* [WORK INSTRUCTION]: Using only the entries below, copy exactly the lines that begin at the one with "Forever Love You" and end at the one with "Vintage Cottage Flowers", both included. Drop the pictures.

* [DATA TO PROCESS]:
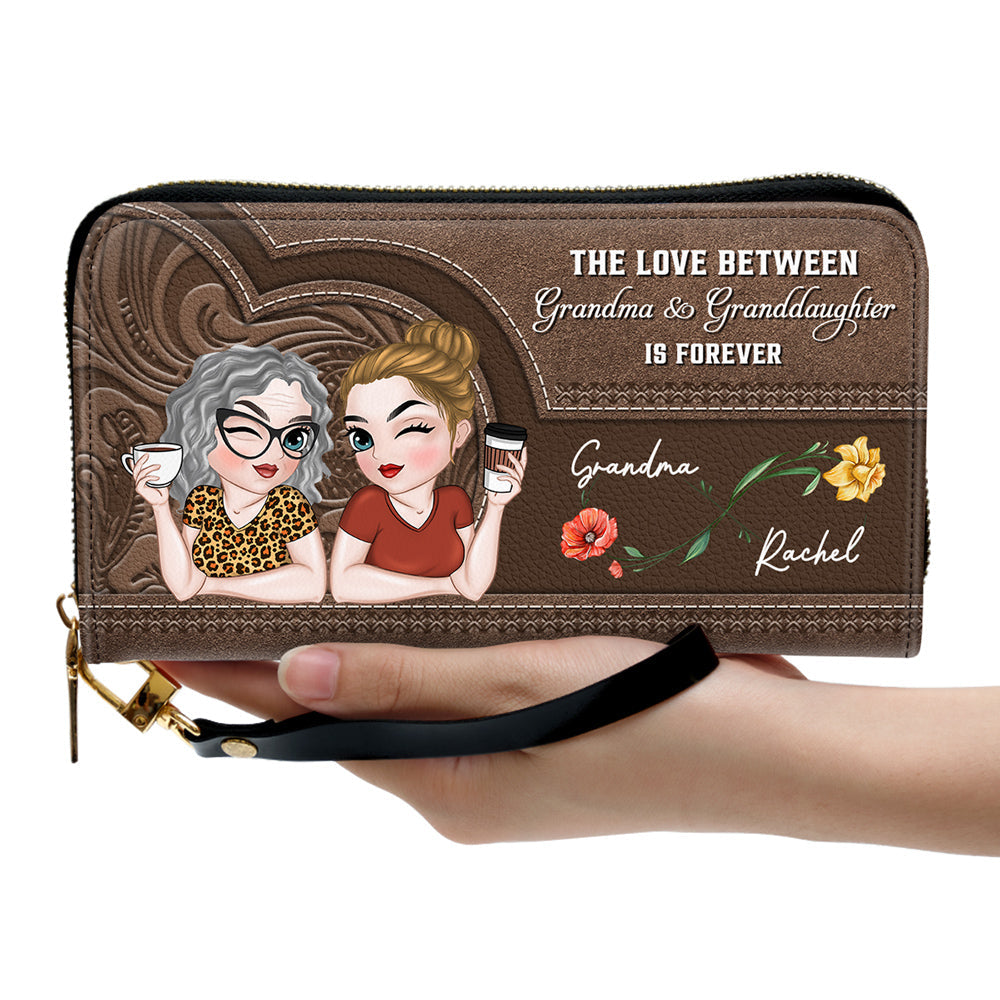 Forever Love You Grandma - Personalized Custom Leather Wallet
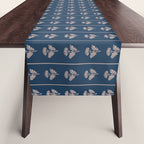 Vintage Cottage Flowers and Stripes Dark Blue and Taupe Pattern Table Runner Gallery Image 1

==

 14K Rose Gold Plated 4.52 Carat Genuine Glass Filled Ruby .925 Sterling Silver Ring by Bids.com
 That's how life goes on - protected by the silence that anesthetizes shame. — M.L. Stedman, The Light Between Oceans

* [ANSWER FOR THIS EXERCISE]:
 Forever Love You Grandma - Personalized Custom Leather Wallet
 Vintage Cottage Flowers and Stripes Dark Blue and Taupe Pattern Table Runner Gallery Image 1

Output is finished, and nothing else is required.